## [Work instructions]
Nothing outside the lines below from the one containing "Художественная реставрация зубов: фото" through the one containing "Utility of Plasma" is to be printed; print those exactly, ends included, and drop the pictures.

## [Data]
--*--

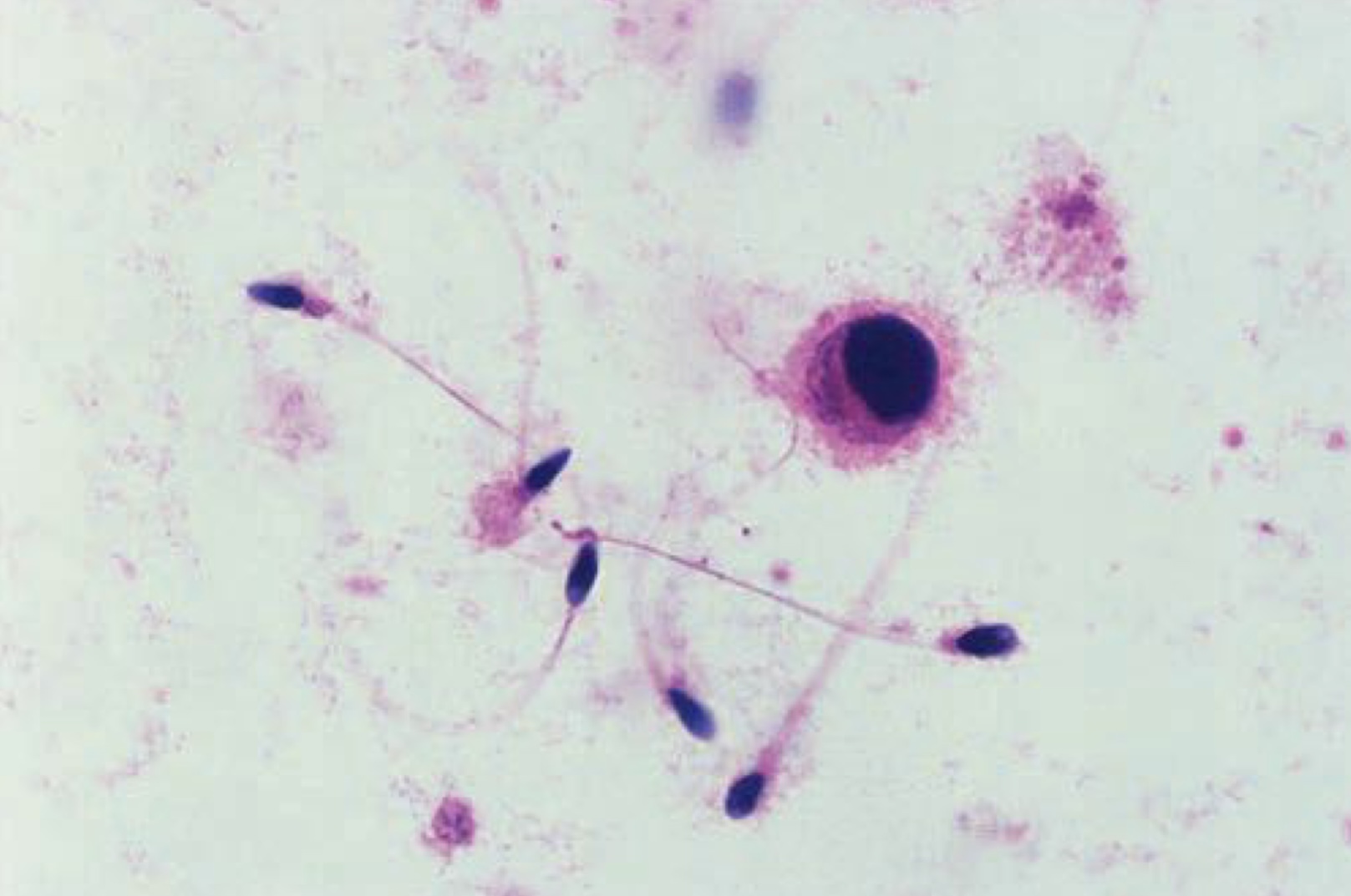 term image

--*--

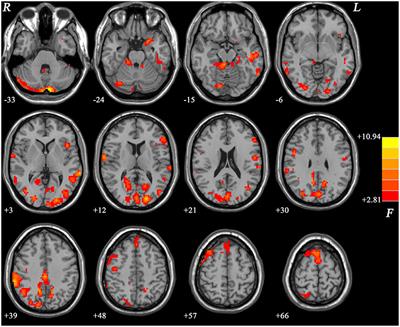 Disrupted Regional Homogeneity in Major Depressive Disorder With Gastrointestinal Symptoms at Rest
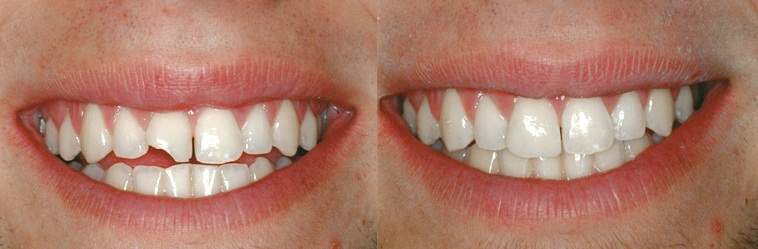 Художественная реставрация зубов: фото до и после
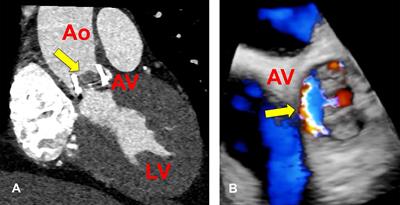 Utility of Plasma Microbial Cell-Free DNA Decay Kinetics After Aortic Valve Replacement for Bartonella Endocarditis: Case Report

--*--

## [Task response]
 Художественная реставрация зубов: фото до и после
 Utility of Plasma Microbial Cell-Free DNA Decay Kinetics After Aortic Valve Replacement for Bartonella Endocarditis: Case Report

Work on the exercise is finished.